Even if you were to label Mike as an ambiguous hero at some other times during his journey on the show, we feel fairly definitively that he is now. He’s striving to spend more time with the clinic than he is at Specter Litt, and he understands after looking at the law through the lens of excess and wealth that little of this matters. He’s been in the place before where he is lost and helpless and wants to do everything within his power to help those who are wrestling with the same emotions. It’s a noble pursuit, and it’s one worth sacrificing money and time in order to do. Mike has flaws, but he recognizes them. He’s trying to be the best lawyer, the best fiancé, and the best friend that he can.

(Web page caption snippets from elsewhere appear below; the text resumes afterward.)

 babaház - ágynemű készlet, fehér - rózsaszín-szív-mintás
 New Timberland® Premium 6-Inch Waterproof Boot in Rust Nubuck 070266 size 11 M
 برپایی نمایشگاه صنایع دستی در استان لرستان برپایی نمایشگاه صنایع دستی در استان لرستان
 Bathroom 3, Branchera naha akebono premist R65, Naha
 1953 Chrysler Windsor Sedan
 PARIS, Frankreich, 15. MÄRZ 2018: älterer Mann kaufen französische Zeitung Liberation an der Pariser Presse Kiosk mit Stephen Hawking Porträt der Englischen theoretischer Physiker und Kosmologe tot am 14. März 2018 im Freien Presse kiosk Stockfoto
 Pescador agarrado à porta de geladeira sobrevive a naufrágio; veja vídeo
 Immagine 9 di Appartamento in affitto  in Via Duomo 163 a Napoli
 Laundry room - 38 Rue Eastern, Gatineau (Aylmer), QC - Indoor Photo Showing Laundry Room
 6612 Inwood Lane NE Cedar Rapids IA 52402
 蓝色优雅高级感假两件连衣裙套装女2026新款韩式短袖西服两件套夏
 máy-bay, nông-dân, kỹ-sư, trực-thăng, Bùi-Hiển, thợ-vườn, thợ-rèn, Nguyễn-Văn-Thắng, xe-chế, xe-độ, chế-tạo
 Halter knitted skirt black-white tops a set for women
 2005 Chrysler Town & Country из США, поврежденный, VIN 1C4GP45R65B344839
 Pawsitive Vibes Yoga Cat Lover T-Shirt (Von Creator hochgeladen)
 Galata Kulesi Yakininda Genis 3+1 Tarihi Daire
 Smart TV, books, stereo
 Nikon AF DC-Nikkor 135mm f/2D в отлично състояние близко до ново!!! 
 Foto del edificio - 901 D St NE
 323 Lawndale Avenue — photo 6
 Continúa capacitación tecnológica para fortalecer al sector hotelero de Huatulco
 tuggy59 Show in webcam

What we know about Patrick J. Adams the performer is that he’s down his own absolute best to bring heart, determination, passion, and at times suffering to this character. You understand him in his darkest and finest hours; through it all, you want nothing more than to root for him. Lawyers on television are not always inherently likable, but there is something about Mike that makes him one of the genre’s best underdog stories.
What do you think makes Mike Ross especially heroic now on Suits?